Short web captions:
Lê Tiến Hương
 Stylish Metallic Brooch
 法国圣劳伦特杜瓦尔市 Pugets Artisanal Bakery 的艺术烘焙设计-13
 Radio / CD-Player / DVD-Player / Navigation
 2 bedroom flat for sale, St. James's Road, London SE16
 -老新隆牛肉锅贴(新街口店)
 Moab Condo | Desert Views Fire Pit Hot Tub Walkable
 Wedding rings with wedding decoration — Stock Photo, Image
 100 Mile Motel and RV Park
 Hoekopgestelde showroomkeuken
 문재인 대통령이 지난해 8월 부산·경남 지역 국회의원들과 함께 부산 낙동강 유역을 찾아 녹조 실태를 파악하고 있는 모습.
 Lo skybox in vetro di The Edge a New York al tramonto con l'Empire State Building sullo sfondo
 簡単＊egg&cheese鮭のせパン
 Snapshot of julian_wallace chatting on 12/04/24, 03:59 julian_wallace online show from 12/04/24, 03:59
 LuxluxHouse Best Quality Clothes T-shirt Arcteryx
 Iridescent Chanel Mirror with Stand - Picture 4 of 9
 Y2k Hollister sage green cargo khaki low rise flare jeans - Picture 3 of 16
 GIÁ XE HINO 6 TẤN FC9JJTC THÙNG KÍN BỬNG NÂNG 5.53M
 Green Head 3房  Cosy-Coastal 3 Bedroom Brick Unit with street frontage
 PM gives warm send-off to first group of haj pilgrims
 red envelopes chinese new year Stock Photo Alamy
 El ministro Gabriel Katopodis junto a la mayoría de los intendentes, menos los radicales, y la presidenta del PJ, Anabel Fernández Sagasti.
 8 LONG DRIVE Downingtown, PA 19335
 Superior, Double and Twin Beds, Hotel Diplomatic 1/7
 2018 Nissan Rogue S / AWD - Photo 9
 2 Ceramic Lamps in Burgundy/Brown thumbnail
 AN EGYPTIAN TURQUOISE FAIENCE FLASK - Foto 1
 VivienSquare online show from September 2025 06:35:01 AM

> **BRIEF**: From the line holding "AN EGYPTIAN TURQUOISE FAIENCE FLASK - Foto 1" through the final line of the data above, copy every line exactly as written. Include nothing else.

> **SOLVED PROBLEM**:
 AN EGYPTIAN TURQUOISE FAIENCE FLASK - Foto 1
 VivienSquare online show from September 2025 06:35:01 AM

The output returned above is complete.